Once, I remember, I ran across the case of a boy who had been sentenced to prison, a poor, scared little brat, who had intended something no worse than mischief, and it turned out to be a crime. The judge said he disliked to sentence the lad; it seemed the wrong thing to do; but the law left him no option. I was struck by this. The judge, then, was doing something as an official that he would not dream of doing as a man; and he could do it without any sense of responsibility, or discomfort, simply because he was acting as an official and not as a man. On this principle of action, it seemed to me that one could commit almost any kind of crime without getting into trouble with one’s conscience. Clearly, a great crime had been committed against this boy; yet nobody who had had a hand in it—the judge, the jury, the prosecutor, the complaining witness, the policemen and jailers—felt any responsibility about it, because they were not acting as men, but as officials. Clearly, too, the public did not regard them as criminals, but rather as upright and conscientious men.

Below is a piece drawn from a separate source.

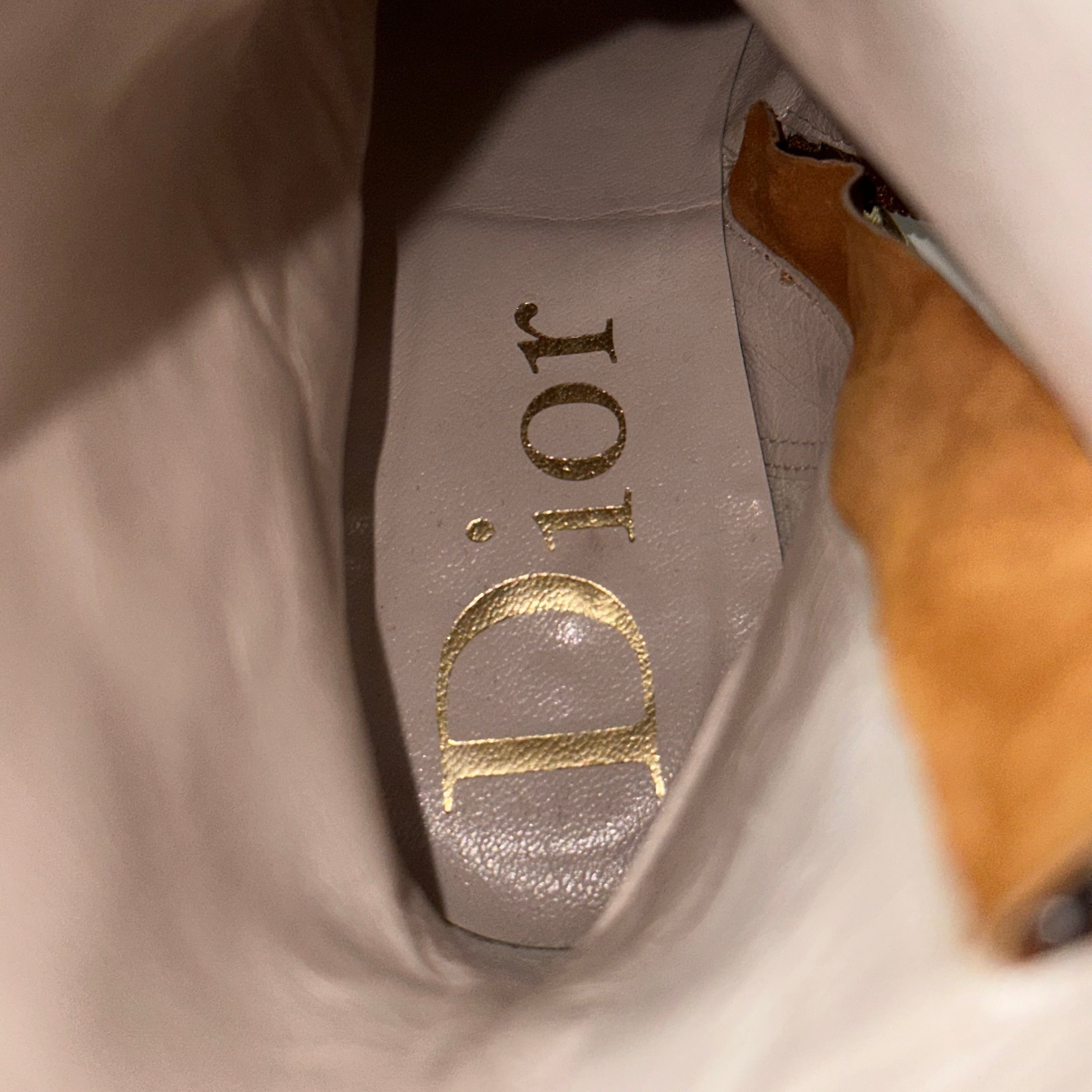 CHRISTIAN DIOR Fall Winter 2004 Leather Buckle Ankle Boots - 8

The idea came to me then, vaguely but unmistakably, that if the primary intention of government was not to abolish crime but merely to monopolize crime, no better device could be found for doing it than the inculcation of precisely this frame of mind in the officials and in the public; for the effect of this was to exempt both from any allegiance to those sanctions of humanity or decency which anyone of either class, acting as an individual, would have felt himself bound to respect—nay, would have wished to respect.
At this time I was a good deal in Europe. I was in England and Germany during the Tangier incident, studying the circumstances and conditions that led up to the late war. My facilities for this were exceptional, and I used them diligently. Here I saw the State behaving just as I had seen it behave at home. Moreover, remembering the political theories of the eighteenth century, and the expectations put upon them, I was struck with the fact that the republican, constitutional-monarchical and autocratic States behaved exactly alike. This has never been sufficiently remarked. There was no practical distinction to be drawn among England, France, Germany, and Russia; in all these countries the State acted with unvarying consistency and unfailing regularity against the interests of the immense, the overwhelming majority of its people.
So flagrant and flagitious, indeed, was the action of the State in all these countries, that its administrative officials, especially its diplomats, would immediately, in any other sphere of action, be put down as a professional-criminal class; just as would the corresponding officials in my own country, as I had already remarked. It is a noteworthy fact, indeed, concerning all that has happened since then, that if in any given circumstances one went on the assumption that they were a professional-criminal class, one could predict with accuracy what they would do and what would happen; while on any other assumption one could predict almost nothing. The accuracy of my own predictions during the war and throughout the Peace Conference was due to nothing but their being based on this assumption.
The State did not originate in any form of social agreement, or with any disinterested view of promoting order and justice. Far otherwise. The State originated in conquest and confiscation, as a device for maintaining the stratification of society permanently into two classes—an owning and exploiting class, relatively small, and a propertyless dependent class. Such measures of order and justice as it established were incidental and ancillary to this purpose; it was not interested in any that did not serve this purpose; and it resisted the establishment of any that were contrary to it. No State known to history originated in any other manner, or for any other purpose than to enable the continuous economic exploitation of one class by another.